In order to remain competitive, organisations will have to adapt
both to attract and accommodate such key but potentially short-term
Simultaneously, both workers and their employers need to adapt
to the challenge of continuous developments in technology and
the workplace, requiring a commitment on both sides to "lifelong"
learning. Employees must be ready and motivated to constantly
upgrade their skills to meet demands, while employers must provide
appropriate learning opportunities.
Time is against Europe. This project has identified key challenges
facing Europe as it moves to greater participation in the knowledge
economy. If Europe is to succeed in exploiting the immense opportunities
and benefits this can bring, a number of outstanding issues need
to be addressed by government, academia and business. It is recommended
that the knowledge economy becomes a major focus for European
Businesses, Governments and Academia to address by;
Europe Wide Actions
New Economy Business Models - The speed of change,
the time to market, and the product life cycle are key issues
for all companies. Governments, Companies and their partners
need to change their structures, processes and capabilities to
meet these challenges. New business models that value intellectual
assets must be created.
a) ERT will establish a community of company experts focused
on knowledge economy awareness, the new business paradigms and
related issues. To research, share experience and communicate
findings to ERT and to the new European Sponsored KM Forum by
end 2000. Collaboration with the European Commission, European
Parliament, national governments, academia, start-up and European
research bodies is strongly recommended.
b) The outcome of this "knowledge-sharing initiative"

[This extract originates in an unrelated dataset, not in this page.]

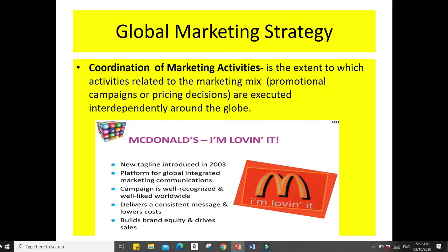We also have coordination of marketing activities — the extent to which marketing-related activities, promotional campaigns, or pricing decisions are executed interdependently around the globe. For example, McDonald's 'I'm Lovin' It' tagline from 2003 is recognized worldwide — even in the Philippines we have the 'I'm Lovin' It' slogan. This is an example of the same promotional activities being used in different countries. Another example is Dove.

should be compiled into an official ERT Report for 2001 aimed
at stimulating action from European leaders and policy makers.
Knowledge Economy Culture and People - Employees and
employers need to shift mindsets from focussing on rights and
tenure to focussing on employability and capitalising on knowledge.
The new employment culture will be based on self-initiative where
employees commit their talent to create value in exchange for
the opportunity to develop their capabilities and their employability.
a) The ERT knowledge-sharing initiative will research guidelines
for a new model for the employment contract, one that involves
changing corporate values, culture, and reward systems, encourages
life-long learning and fosters a more flexible relationship between
people networking inside and outside the organisation. A model
that is committed to increasing the employability of people,
whilst also leveraging their capabilities.
b) ERT develops recommendations and guidelines for education
and employment policy that can be shared across ERT and with
governments and EU bodies.
European Business and Worker Recommended Actions
a) Increasingly organisations cannot control and deliver world
class products, solutions and services on their own. Businesses
need to identify where there true centres of excellence are,
focus on developing the knowledge and capabilities to continually
develop their productivity and competativeness in these areas
and seek to partner with suppliers of excellence in those areas
they cannot truly resource and manage competitively themselves.
b) There are four key business questions to succeeding in the
new economy that managers need to address. 1. What is my unique
and competitive value proposition and what is the knowledge I
must create, manage and exploit to continually outperform my
competitors in these areas? 2. How can I manage my business performance
and reward/correct my people's performance against the requirements
identified in point one? 3. How do I create a culture, the leadership
and environment that enables the creativity, collaboration, innovation
and continual learning to thrive? 4. How do I develop the systems,
structures and technologies to allow easy identification of and
connections to the knowledge and information both in the company
and across the networks and partnerships?
c) How do I, as an individual, ensure my knowledge and capability
is kept up to date, valued and valuable to the business and to
the marketplace I wish to be employed in?